**Exercise instructions**
Only the lines from the one containing "Предварительный просмотр 1" to the end of the listing below should be returned, exactly as written and without pictures.

---------------

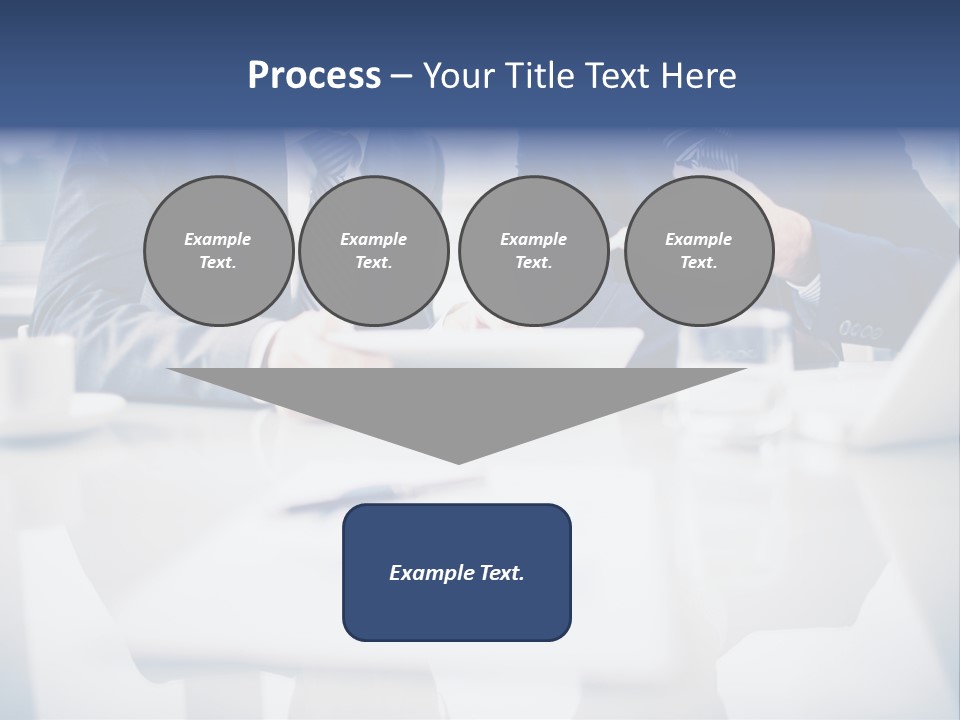 Focus Busy Touchpad PowerPoint Template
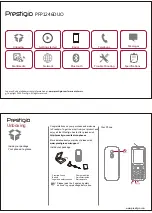 Предварительный просмотр 1 страницы Prestigio PFP1246 Manual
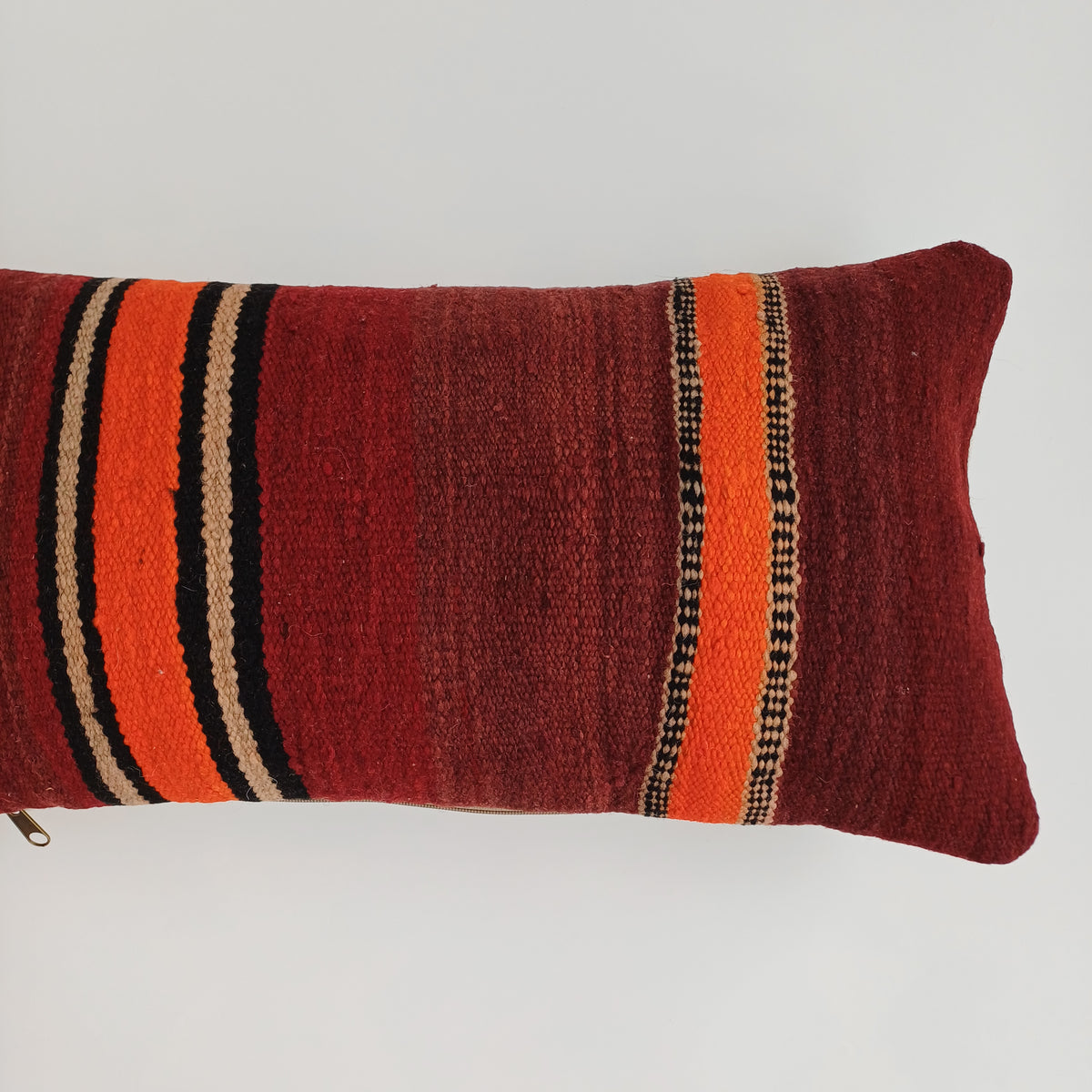 Moroccan Handmade Multicoloured Rug Cushion Cover 24''x12'' / 60x30 CM
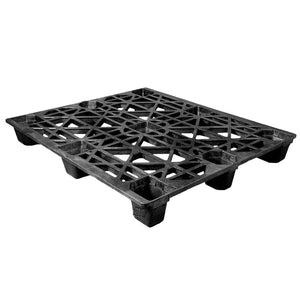 42 x 48 Nestable Heavy Duty Pro-Pal Plastic Pallet - Full Circle FCP-O-42-NH OWS PP-O-42-NH Repose Top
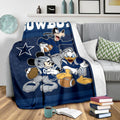 Cowboys Team Fleece Blanket Football Fan Gift Idea 3 - PerfectIvy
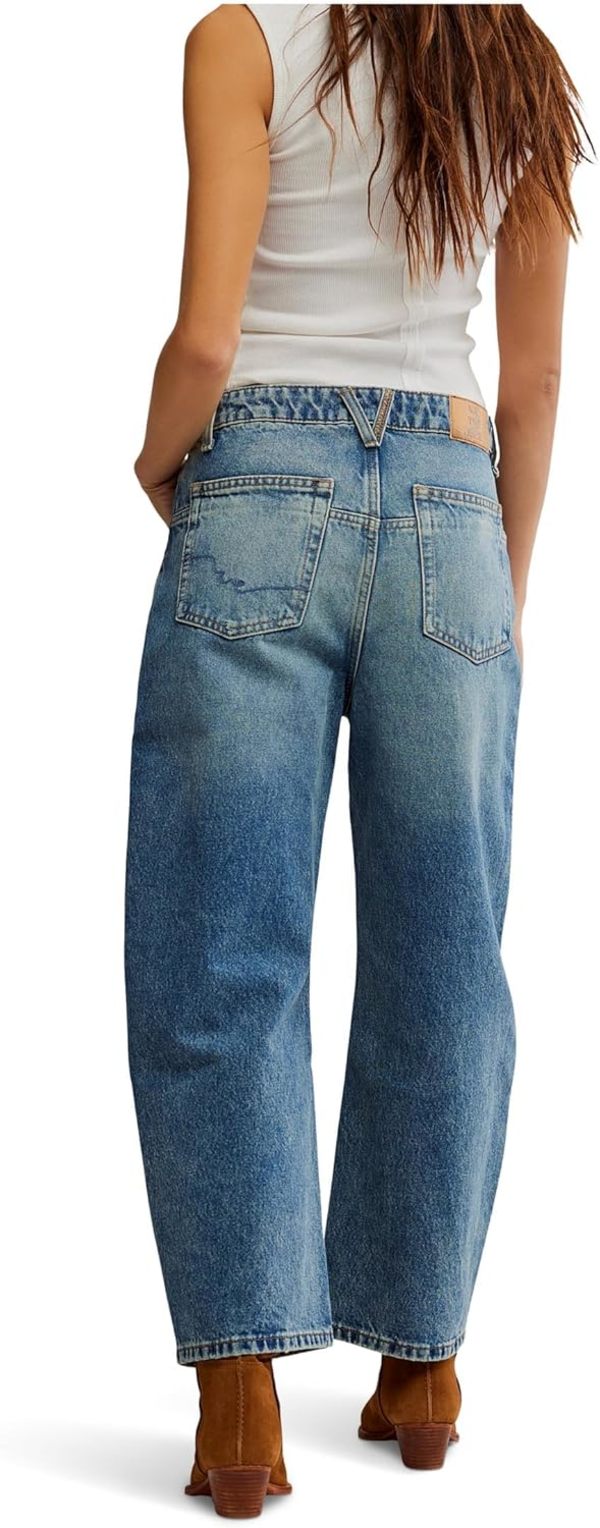 Free People Deep Trance Dropped Boyfriend Jean - Bleached Out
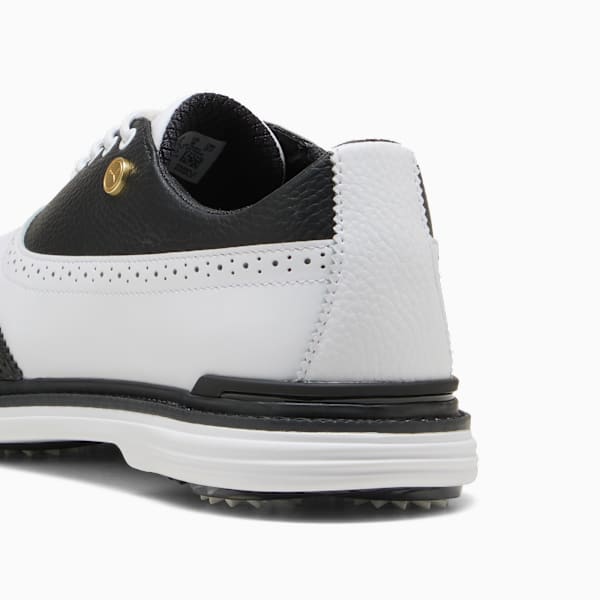 PUMA Royale Wingtip Golf Shoes Men, PUMA Black-PUMA White-Glacial Gray, large-ZAF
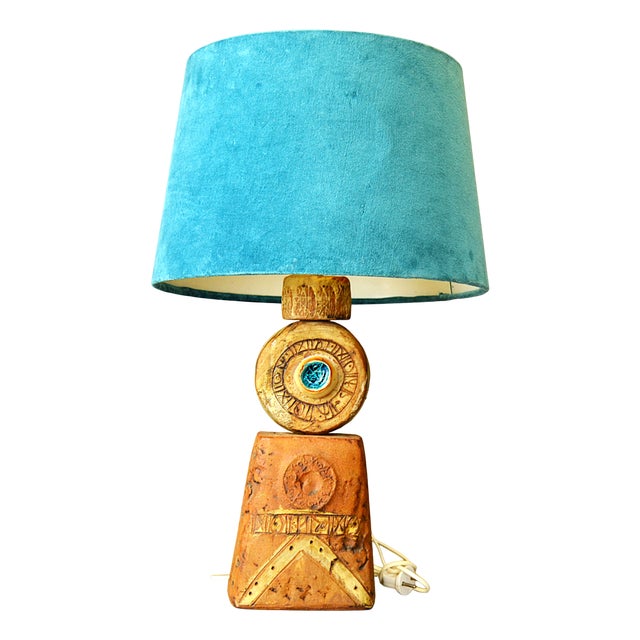 Ceramic Table Lamp by Bernarde Rooke for Kor, England, 1960s For Sale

---------------

**Solved exercise**
 Предварительный просмотр 1 страницы Prestigio PFP1246 Manual
 Moroccan Handmade Multicoloured Rug Cushion Cover 24''x12'' / 60x30 CM
 42 x 48 Nestable Heavy Duty Pro-Pal Plastic Pallet - Full Circle FCP-O-42-NH OWS PP-O-42-NH Repose Top
 Cowboys Team Fleece Blanket Football Fan Gift Idea 3 - PerfectIvy
 Free People Deep Trance Dropped Boyfriend Jean - Bleached Out
 PUMA Royale Wingtip Golf Shoes Men, PUMA Black-PUMA White-Glacial Gray, large-ZAF
 Ceramic Table Lamp by Bernarde Rooke for Kor, England, 1960s For Sale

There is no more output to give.